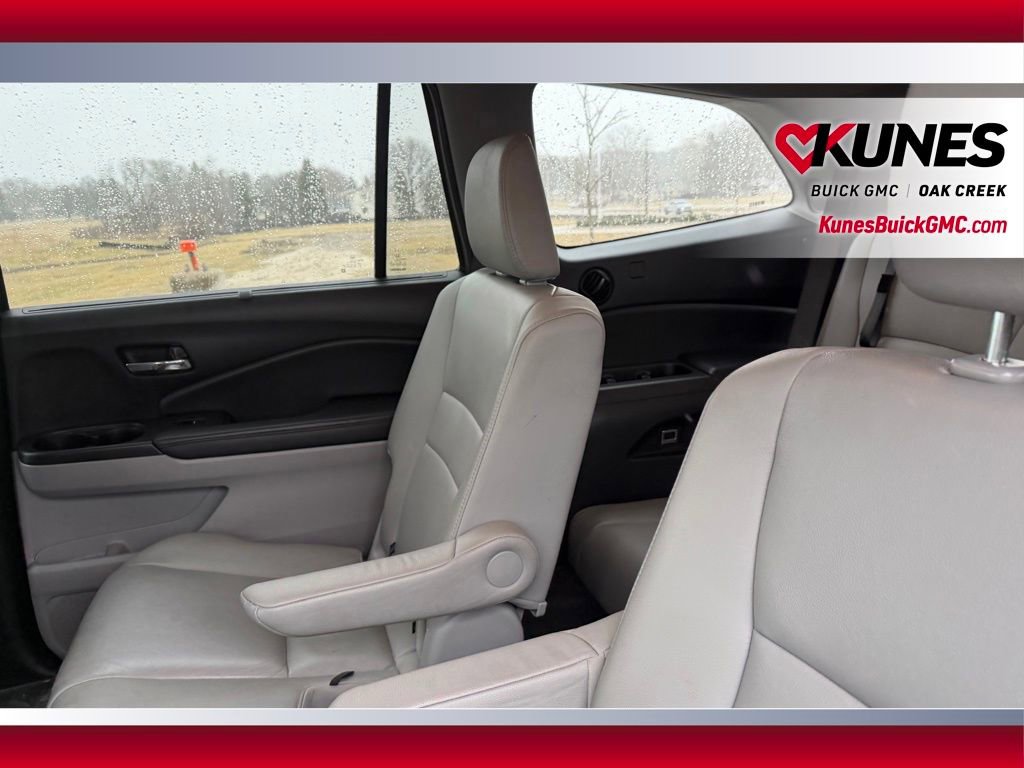Used 2019 Honda Pilot Touring image 5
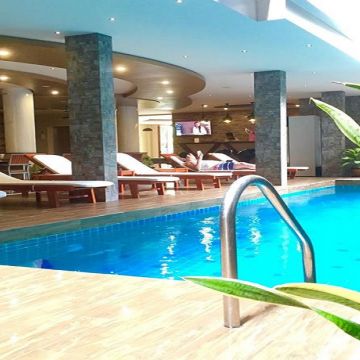Triton Beach Hotel & Spa - swimming pool 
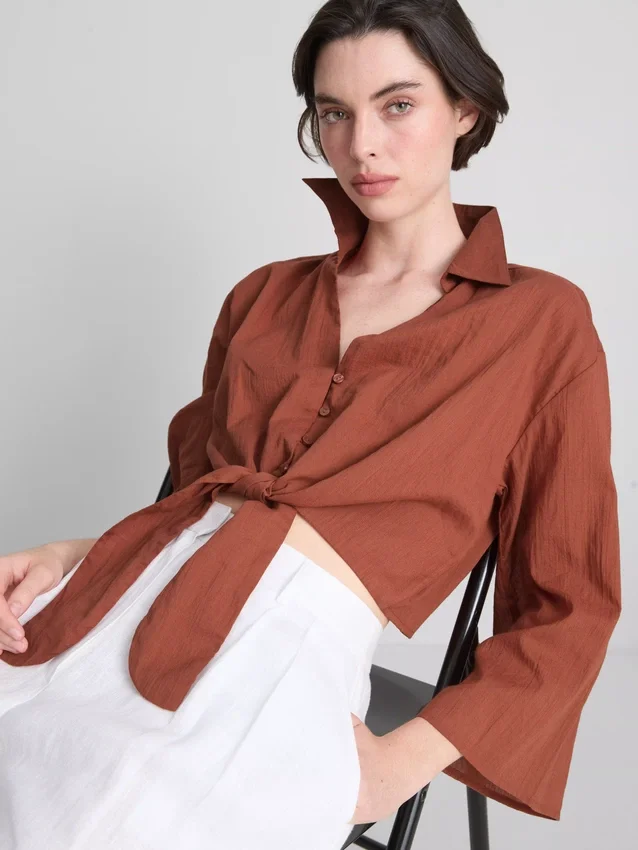 Camisa curta de algodão com laço à frente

= = =

WORK REQUIRED:
Once the pictures are dropped, repeat the data above exactly.

RESULT:
Used 2019 Honda Pilot Touring image 5
Triton Beach Hotel & Spa - swimming pool 
 Camisa curta de algodão com laço à frente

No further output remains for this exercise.